Fast forward to this year, and they're 42-20. Their pitching has been nothing short of incredible, more than enough to overcome an offense that doesn't quite measure up to the great offenses of the AL. The bullpen, a festering sore for much of last season, has performed well despite Shingo Takatsu's implosion. They've gotten on base just enough to make their speed work for them. They've even done all of this while playing 8 more games away from the South Side than at home.
However, there are some signs that they have been as least as lucky as they have been good; the White Sox are 19-8 in games decided by one run, meaning that nearly half their wins have been by a single run. Truly great teams will blow their opponents out of the game more often than that. Their runs scored to runs allowed (291 vs. 231) suggest a winning percentage much closer to .600 than to the .677 they now own - not that a .600 winning percentage is chopped liver.
I expect them to fall off a bit not least because several players are well above their career norms. However, you'd have to acknowledge that they'd have to really screw things up to miss the post-season now. The Twins are good enough to make a run at them, but the rest of the AL Central is not a threat, and the various wild card contenders face a tall order catching up to them. Between the White Sox and Twins, the much-maligned AL Central may produce its first-ever Wild Card team in 2005. In case you're wondering, no, I still don't think Williams or Guillen are unrecognized geniuses.

Washington Nationals (+9)
Where They Are: 37-26
Where I Thought They'd Be: 28-35
I predicted a 4-way tussle for the NL East, and atop the standings in mid-June is... the team I was pretty confident were going be in last place.
But...These are the Expos, right? The terminally bad, supremely dysfunctional Expos? Wasn't this franchise systematically purged of most of their better players by trades or free agency? Sure, they weren't as poor anymore, but they spent that money on Cristian Guzman and an aging, non-Colorado version of Vinny Castilla. No one in this offense except for Nick Johnson and Brad Wilkerson gets on base much. Not much power in this lineup either. Guzman has hit at a level that was weak for an replacement-level NL shortstop even 20 years ago. They've had multiple injuries on both sides of the ball, with Termel Sledge and Jose Vidro logging significant DL time. But thanks to phenomenal pitching performances from both starters and relievers - they just keep winning and threaten to cut into the Redskins' stranglehold on the Post sports pages. John Patterson, Livan Hernandez, and Esteban Loaiza have been outstanding.
However, there are warning signs. As with the ChiSox above, the owe a lot of their success to close wins - they have a 16-7 record in 1-run games (compared with 21-19 in other games.) Another sign that they been luckier than they've been good; they have allowed nearly as many runs (255) as they have scored (260.) I picked them to finish last and I continue to stand by that prediction, even if I expect them to win substantially more than 71 games now, if for no other reason then they'd need to collapse quickly to fail to exceed 71 wins.
After all, these are still the Expos.

Arizona Diamondbacks (+8)
Where They Are: 33-31
Where I Thought They'd Be: 25-39
The D'Backs, three years removed from their World Series title, lost 108 games last season.

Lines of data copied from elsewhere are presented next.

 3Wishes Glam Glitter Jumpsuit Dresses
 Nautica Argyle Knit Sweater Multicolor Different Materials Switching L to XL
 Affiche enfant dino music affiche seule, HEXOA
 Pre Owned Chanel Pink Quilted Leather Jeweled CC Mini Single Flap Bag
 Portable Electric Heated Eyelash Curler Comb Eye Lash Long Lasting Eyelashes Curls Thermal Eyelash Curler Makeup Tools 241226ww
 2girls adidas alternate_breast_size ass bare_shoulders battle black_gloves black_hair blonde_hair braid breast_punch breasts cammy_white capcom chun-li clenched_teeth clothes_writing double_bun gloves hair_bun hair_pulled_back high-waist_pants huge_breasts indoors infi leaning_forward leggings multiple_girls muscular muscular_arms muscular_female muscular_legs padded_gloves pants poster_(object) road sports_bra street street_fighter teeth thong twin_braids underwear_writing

They then traded their most famous and best player in franchise history, Randy Johnson. Most of their players were either old and declining, marginal, or both. Their most notable signing was the injury-prone Troy Glaus. This should not - even in the NL West - add up to a contender...but thusfar it has. Brandon Webb has led the way and Javier Vazquez, yet another refugee from the Bronx, is putting things together nicely. One massive sign of danger ahead is they are being outscored by a substantial margin (343 to 291) despite the winning record, a sign that they are very lucky indeed. Their recent slump has dropped them to third and suggest that the other shoe is starting to drop.

Pittsburgh Pirates (+5)
Where They Are: 30-31
Where I Thought They'd Be: 25-36
This one isn't as obvious as the others, mostly because while they are doing better than I thought, it's not well enough to put them in the ranks of serious playoff contenders. They've gotten much better pitching than I had expected. With a little luck, they just might break a string of 12 consecutive losing seasons, tied for the longest in the majors. (And they are in need of some luck; only Kansas City has a significantly worse record in 1-run games than the Bucs' 6-13, and the Pirates have outscored their opponents by a 266-256 margin.) Darryle Ward has revived his career, Rob Mackowiak has been outstanding, and Jason Bay has been even better than he was in last year's Rookie of the Year camapign. But the pitching has been even better, with a 3.88 staff ERA - good for 3rd in the NL. Oliver Perez is down, but Mark Redman and Kip Wells have made up for that. They look much better than I had predicted, and while they're not going to give the Cardinals or Cubs many sleepless nights when the days start to grow shorter this year, they have something to build on for the future.

Baltimore Orioles (+4)
Where They Are: 36-26
Where I Thought They'd Be: 32-30
Both teams at opposite ends of the Baltimore-Washington Parkway have franchises in first place. A difference of four games is not a huge deal, but it does stick out given what else is happening in the AL East. I did think things were looking up for them, picking them to end a streak of 7 losing seasons, but that may not have been enough. Instead of struggling to keep pace with the Red Sox and Yankees, thanks in part, to the struggles of both teams, the O's find themselves atop the AL East in June for the first time since before many people had heard of Monica Lewinsky.
They've got some bonafide performers; Miguel Tejada is having another MVP-caliber season, Melvin Mora has more or less proven he's no fluke, Brian Roberts prior to getting injured looked the second coming of Joe Morgan - and they're not even overly dependent on some of their older, declining hitters.
Unlike the Nationals, the Orioles look like solid contenders; they've been great on the road, aren't benefitting from the luck of 1-run wins (despite a good bullpen) and have a ratio of runs scored to runs allowed (325 vs. 285) that would suggest a record similar to the one they have. They have some good hitters and a fine bullpen (though they had both last year and it still added up to a losing record.) Some of their players are playing over their heads a bit, and between that and the numerous injuries, I'd expect the Red Sox at least to overtake them sometime during the next two months. But this pleasant surprise of a season should keep attendance at Camden Yards brisk and may be part of what keeps the Yankees out of the playoffs. The Red Sox have a smaller margin for error as well.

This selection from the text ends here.